The network interface 139′ may incorporate suitable hardware, software, firmware or some combination of two or more of these to facilitate communication via the electronic communications network 160. The network interface 139′ may be configured to implement wired or wireless communication over local area networks and wide area networks such as the Internet. The emulator 107 may send and receive data and/or requests for files via one or more data packets over the network 160.
The preceding components may exchange signals with each other via an internal system bus 150′. The emulator 107 may be a general purpose computer that becomes a special purpose computer when running code that implements embodiments of the present invention as described herein.
Emulator 107 may access a legacy game 106 that has been selected by the client 102 for emulation through the internal system bus 150′. There may be more than one legacy game 106 stored in the emulator. The legacy games may also be stored in the memory 132′ or in the mass storage device 134′. Additionally, one or more legacy games 106 may be stored at a remote location accessible to the emulator 107 over the network 160. Each legacy game 106 contains game code 108. When the legacy game 106 is emulated, the game code 108 produces legacy game data 109.

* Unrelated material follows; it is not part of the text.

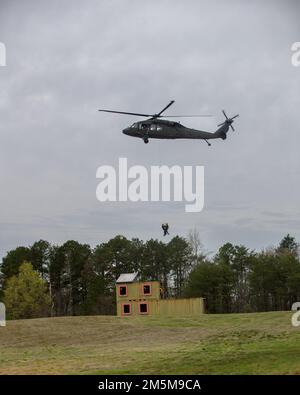 Soldiers from Charlie Company, 1-131st Assault Helicopter Battaglione e Det. 2, Charlie Company, 1-126 General Support Aviation Battaglione ha partecipato ad una missione di formazione come membri del North Carolina Helo-Aquatic Rescue Team (NCHART) – in collaborazione con il N.C. State Highway Patrol, N.C. Gestione delle emergenze e soccorritori locali – da marzo 23-24 presso la struttura di volo per l'aviazione militare e l'armeria di Salisbury #2. Foto Stock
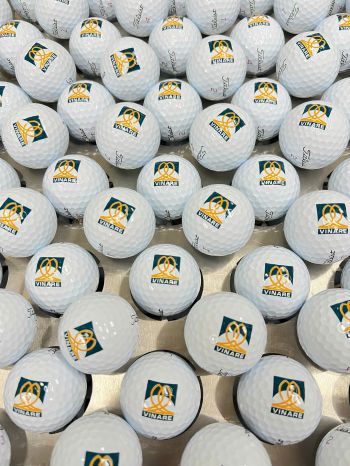 In logo lên bóng golf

By way of example, a legacy game 106 may be any game that is not compatible with a target platform. By way of example and not by way of limitation, the legacy game 106 may have been designed to be played on Sony Computer Entertainment's PlayStation console, but the target platform is a home computer. By way of example, the legacy game 106 may have been designed to be played on a PlayStation 2 console, but the target platform is a PlayStation 3 console. Further, by way of example and not by way of limitation, a legacy game 106 may have been designed to be played on a PlayStation console, but the target platform is a hand held console such as the PlayStation Vita from Sony Computer Entertainment.
Emulator 107 may be a deterministic emulator. A deterministic emulator is an emulator that may process a given set of game inputs 347 the same way every time that the same set of inputs 347 are provided to the emulator 107. This may be accomplished by eliminating any dependencies in the code run by the emulator 107 that depend from an asynchronous activity. Asynchronous activities are events that occur independently of the main program flow. This means that actions may be executed in a non-blocking scheme in order to allow the main program flow to continue processing. Therefore, by way of example, and not by way of limitation, the emulator 107 may be deterministic when the dependencies in the code depend from basic blocks that always begin and end with synchronous activity. By way of example, basic blocks may be predetermined increments of code at which the emulator 107 checks for external events or additional game inputs 347. The emulator 107 may also wait for anything that runs asynchronously within a system component to complete before proceeding to the next basic block. A steady state within the emulator 107 may be when all of the basic blocks are in lock step.
As shown in
Initially at 272, the client 102 delivers game inputs 347 to the emulator 107 over the network 160. By way of example, and not by way of limitation, game inputs 347 may be commands that instruct the emulator 107 where to begin in an emulation routine, or they may be commands that control the game play of a legacy game 106 that is being emulated by the emulator 107. By way of example, and not by way of limitation, a game input 347 that instructs the emulator 107 where to begin in an emulation routine may be in the form of a previously generated snapshot 367. By way of example, and not by way of limitation, game inputs 347 may be automatically generated by the client 102, or they may be provided to the client 102 by an external source. By way of example, the game inputs 347 may be delivered to the emulator 107 all at the same time, or they may be delivered over a period of time.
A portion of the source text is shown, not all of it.